WORK TO BE COMPLETED:
From the first line to the last, copy the listing exactly and omit the images.

SOURCE MATERIAL:
┌────────

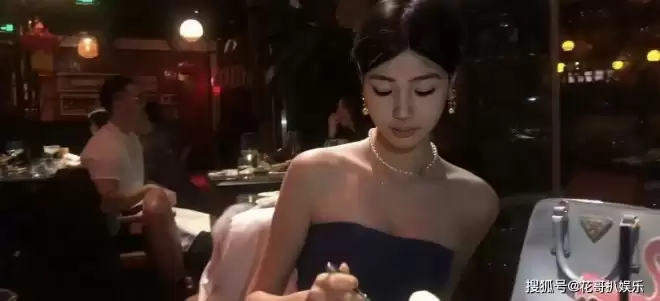 钟丽缇女儿互相使绊子，与继父关系亲密引发争议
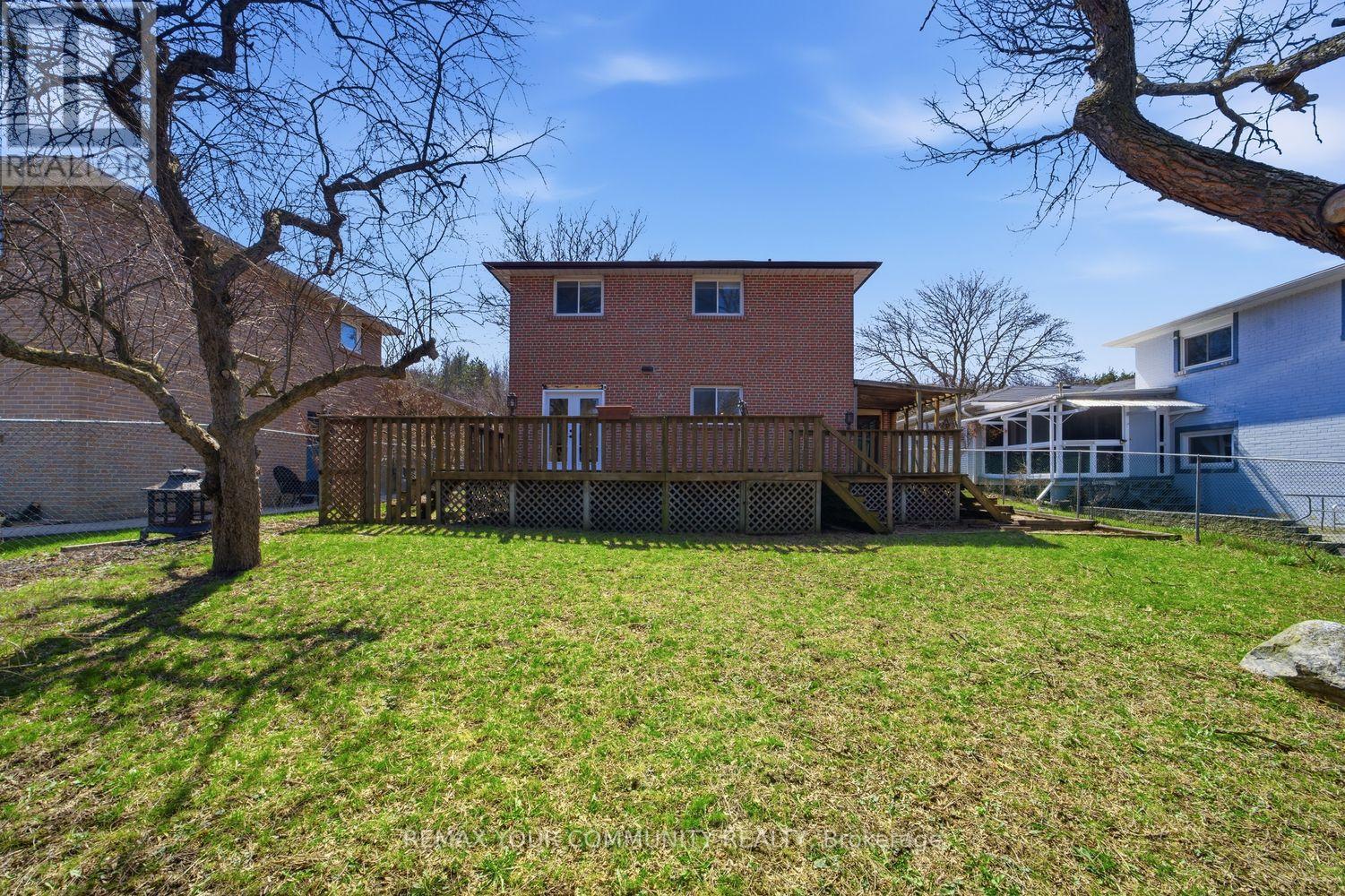 150 CONNAUGHT CRESCENT - 46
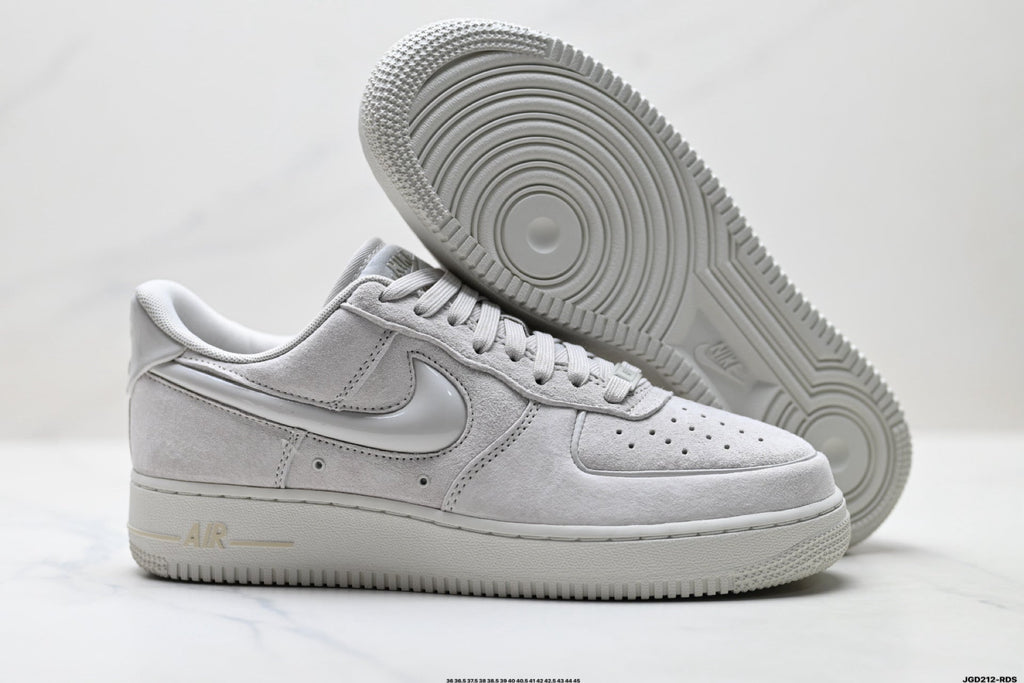 Nike Air Force 1 Low Triple White Unisex Sneakers Style 10 detail view 6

└────────

RESPONSE AREA:
 钟丽缇女儿互相使绊子，与继父关系亲密引发争议
 150 CONNAUGHT CRESCENT - 46
 Nike Air Force 1 Low Triple White Unisex Sneakers Style 10 detail view 6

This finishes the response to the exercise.